Sa loyauté envers le roi Tatnar était sans faille. Ce que le puissant homme lui avait demandé conduirait le magicien au trépas, mais il n'avait nullement peur de l'Au-delà. Erelor était le dernier Ensorceleur de Ravelon, et l'Histoire de son peuple se terminerait dans l'éclat du pouvoir.
Sa voix rauque était couverte par le déchaînement des éléments. Même sous l'effort et la soif, elle ne faiblissait pas. Soudain, une lueur bleue et intense fusa des doigts d'Erelor. Elle se divisa en milliers de fragments qui vinrent frapper les âmes condamnées, les diluant dans le néant d'un ailleurs inconnu. Alors seulement, le souffle incessant du vent retomba et la lumière s'éteignit. Dans le calme assourdissant qui régnait maintenant sur la plaine dévastée, l'Ensorceleur tomba à genoux. Autour de lui gisaient les éclats des miroirs brisés, qui tapissaient l'horizon jusqu'à perte de vue. Sous les rayons orangés du soleil revenu sur le royaume, Erelor poussa un ultime souffle.
Ce ne fut que longtemps, bien longtemps après, que le roi Tatnar pénétra dans la vallée. Le corps de son fidèle conseiller fut emporté et avec lui l'unique et dernier miroir du royaume. Maudit. Le sceau qui pesait sur l'objet ne serait jamais levé.

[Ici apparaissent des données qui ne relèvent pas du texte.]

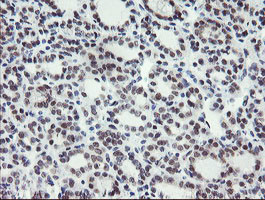 LANCL2 Antibody in Immunohistochemistry (Paraffin) (IHC (P))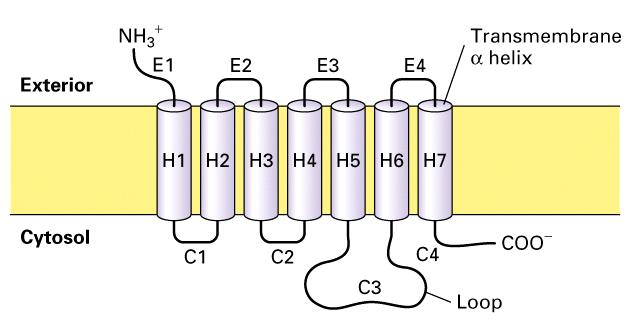 G protein-kapcsolt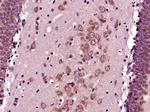Phospho-GAP43 (Ser41) Antibody in Immunohistochemistry (Paraffin) (IHC (P))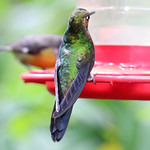 Magnificent Hummingbird (Eugenes fulgens)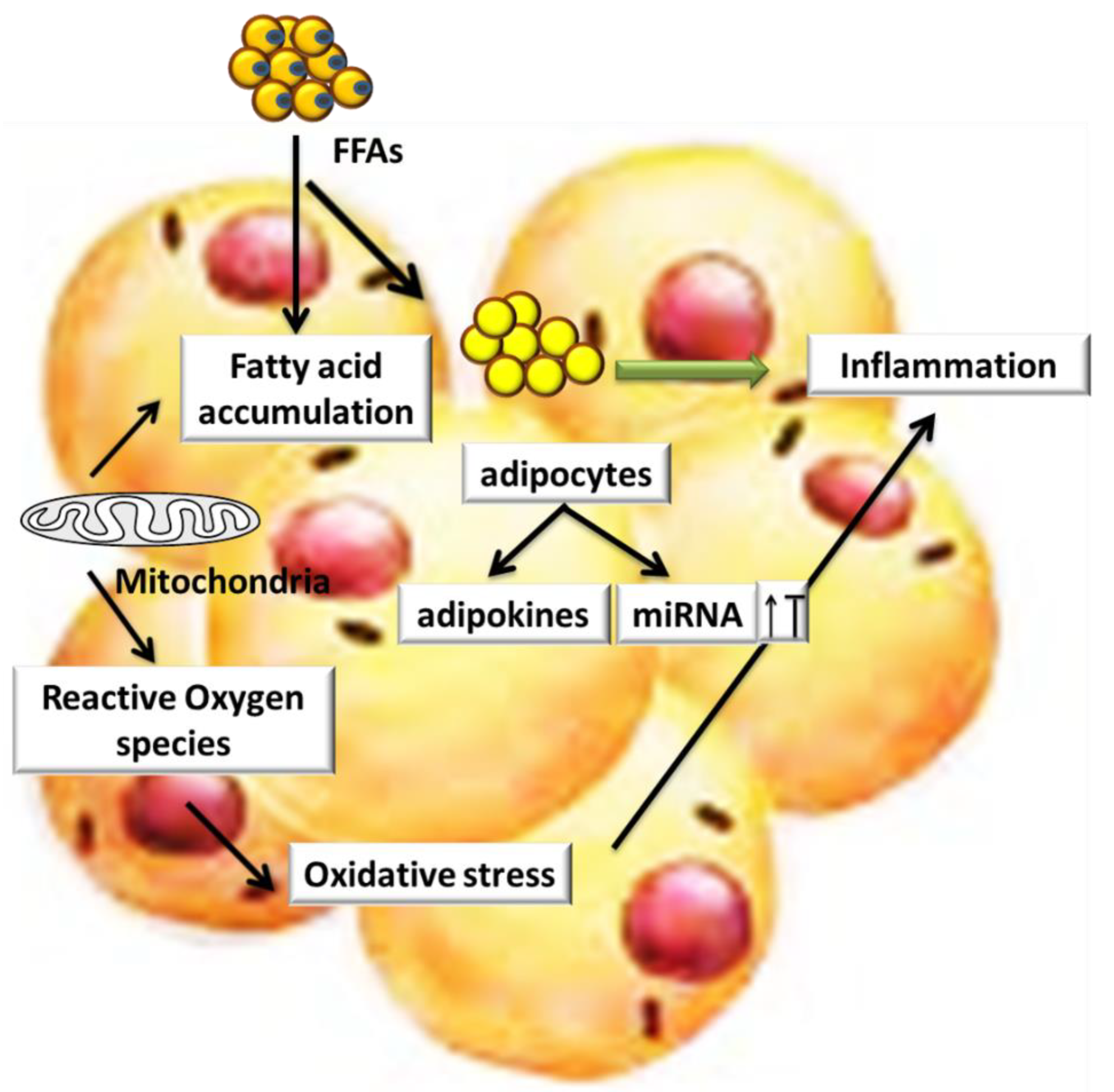 Cells 10 01004 g002 Cells 10 01004 g002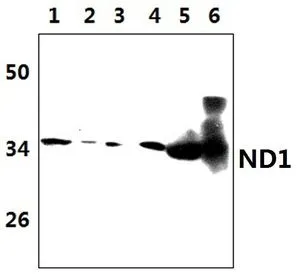 WB analysis of various samples using GTX66868 MT-ND1 antibody. Lane1 : HEK293T whole cell lysate (57microg) Lane2 : HepG-2 whole cell lysate(50microg) Lane3 : H9C2 whole cell lysate(37microg) Lane4 : NIH/3T3 whole cell lysate(39microg) Lane5 : The muscle tissue lysate of Mouse (33microg) Lane6 : The muscle tissue lysate of Rat(37microg) Dilution : 1:1000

Le roi Tatnar et ses descendants régneraient pour toujours.
Chapitre 1 – La réserve secrète
Alors que la matinée était déjà bien avancée, Iona s'attelait à éplucher les dernières pommes-de-terre. On manquait de personnel en cuisine et la jeune domestique avait été obligée d'aider, négligeant ses propres tâches. Elle détestait cette corvée, mais elle n'en laissait rien paraître.
— Iona ! hurla Irmena, la cuisinière, dépêche-toi donc un peu ! Un autre panier t'attend dans la réserve !
La jeune femme soupira. Elle avait à peine vingt ans et n'était pas encore mariée, mais elle se sentait déjà comme une vieille personne exploitée depuis des lustres. Elle éplucha le dernier tubercule du panier et courut chercher l'autre au fond de la réserve. Plus vite elle aurait fini, plus vite elle sortirait de cette maudite cuisine ! Cependant, au moment de faire demi-tour, un vif éclat attira son regard. Là, dans la pierre effritée du mur, se trouvait un minuscule interstice où l'on pouvait passer la main. Iona devinait qu'avant que la paroi ne moisisse, il ne devait se trouver ici qu'une minuscule fente, invisible à tout œil inexpérimenté. Mais elle n'était pas de ceux-là. Son sens de l'observation et son soucis du détail l'aidaient grandement.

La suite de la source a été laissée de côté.